▸ **Brief**
Once you reach the line containing "3766QUS1 my favorite" in the data below, restate each line word for word up to and including the one containing "The Strapless Buster".

▸ **Dataset**
- Opening Delimiter -

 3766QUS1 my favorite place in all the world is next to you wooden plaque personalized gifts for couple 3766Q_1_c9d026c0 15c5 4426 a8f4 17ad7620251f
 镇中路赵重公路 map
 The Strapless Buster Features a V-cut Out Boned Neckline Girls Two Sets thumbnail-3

- Closing Delimiter -
- Opening Delimiter -

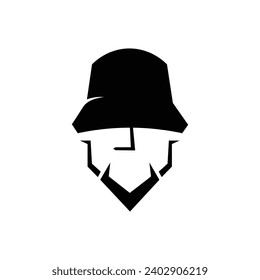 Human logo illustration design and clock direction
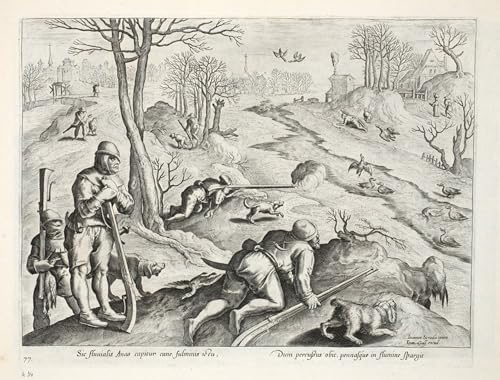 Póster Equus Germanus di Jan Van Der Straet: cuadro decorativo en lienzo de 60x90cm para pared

- Closing Delimiter -

▸ **Problem solution**
 3766QUS1 my favorite place in all the world is next to you wooden plaque personalized gifts for couple 3766Q_1_c9d026c0 15c5 4426 a8f4 17ad7620251f
 镇中路赵重公路 map
 The Strapless Buster Features a V-cut Out Boned Neckline Girls Two Sets thumbnail-3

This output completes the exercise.